- **What the task requires**: The answer should be an exact repeat of the stretch of material below from the line containing "Homes for sale" through the line containing "Natural linen napkin".

#### Record set

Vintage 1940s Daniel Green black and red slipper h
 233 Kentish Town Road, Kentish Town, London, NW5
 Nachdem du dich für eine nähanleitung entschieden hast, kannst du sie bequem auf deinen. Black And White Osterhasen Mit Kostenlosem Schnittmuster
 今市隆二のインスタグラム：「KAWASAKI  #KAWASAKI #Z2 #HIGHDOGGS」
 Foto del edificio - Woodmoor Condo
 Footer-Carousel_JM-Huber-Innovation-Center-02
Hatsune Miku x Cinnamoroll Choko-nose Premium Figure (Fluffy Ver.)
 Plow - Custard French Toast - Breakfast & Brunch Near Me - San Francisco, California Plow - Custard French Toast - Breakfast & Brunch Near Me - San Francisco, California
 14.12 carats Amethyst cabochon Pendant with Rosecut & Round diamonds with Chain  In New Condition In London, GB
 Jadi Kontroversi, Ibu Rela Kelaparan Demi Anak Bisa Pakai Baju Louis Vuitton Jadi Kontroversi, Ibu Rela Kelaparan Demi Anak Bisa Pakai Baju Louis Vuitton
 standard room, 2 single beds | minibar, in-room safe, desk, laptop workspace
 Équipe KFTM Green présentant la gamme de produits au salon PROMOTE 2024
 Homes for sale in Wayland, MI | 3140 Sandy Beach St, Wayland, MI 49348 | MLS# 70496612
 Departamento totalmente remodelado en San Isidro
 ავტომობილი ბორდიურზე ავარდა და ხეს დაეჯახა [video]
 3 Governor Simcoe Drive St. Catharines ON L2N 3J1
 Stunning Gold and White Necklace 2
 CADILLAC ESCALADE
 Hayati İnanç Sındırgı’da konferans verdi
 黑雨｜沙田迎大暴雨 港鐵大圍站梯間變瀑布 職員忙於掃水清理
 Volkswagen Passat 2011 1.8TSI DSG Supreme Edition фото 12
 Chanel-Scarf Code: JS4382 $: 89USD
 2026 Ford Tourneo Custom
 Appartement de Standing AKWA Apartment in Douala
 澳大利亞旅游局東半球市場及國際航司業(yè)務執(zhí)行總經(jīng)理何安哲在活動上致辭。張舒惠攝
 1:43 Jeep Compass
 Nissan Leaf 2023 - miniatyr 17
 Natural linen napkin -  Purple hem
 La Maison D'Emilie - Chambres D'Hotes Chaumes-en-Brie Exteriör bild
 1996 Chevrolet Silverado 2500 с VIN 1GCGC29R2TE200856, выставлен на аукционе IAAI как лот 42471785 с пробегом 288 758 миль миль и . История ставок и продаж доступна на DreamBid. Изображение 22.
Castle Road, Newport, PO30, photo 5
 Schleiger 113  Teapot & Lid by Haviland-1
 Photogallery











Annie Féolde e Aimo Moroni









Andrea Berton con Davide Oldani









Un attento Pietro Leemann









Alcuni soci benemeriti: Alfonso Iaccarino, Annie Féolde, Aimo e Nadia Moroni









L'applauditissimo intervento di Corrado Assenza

########

- **Output of the task**:
 Homes for sale in Wayland, MI | 3140 Sandy Beach St, Wayland, MI 49348 | MLS# 70496612
 Departamento totalmente remodelado en San Isidro
 ავტომობილი ბორდიურზე ავარდა და ხეს დაეჯახა [video]
 3 Governor Simcoe Drive St. Catharines ON L2N 3J1
 Stunning Gold and White Necklace 2
 CADILLAC ESCALADE
 Hayati İnanç Sındırgı’da konferans verdi
 黑雨｜沙田迎大暴雨 港鐵大圍站梯間變瀑布 職員忙於掃水清理
 Volkswagen Passat 2011 1.8TSI DSG Supreme Edition фото 12
 Chanel-Scarf Code: JS4382 $: 89USD
 2026 Ford Tourneo Custom
 Appartement de Standing AKWA Apartment in Douala
 澳大利亞旅游局東半球市場及國際航司業(yè)務執(zhí)行總經(jīng)理何安哲在活動上致辭。張舒惠攝
 1:43 Jeep Compass
 Nissan Leaf 2023 - miniatyr 17
 Natural linen napkin -  Purple hem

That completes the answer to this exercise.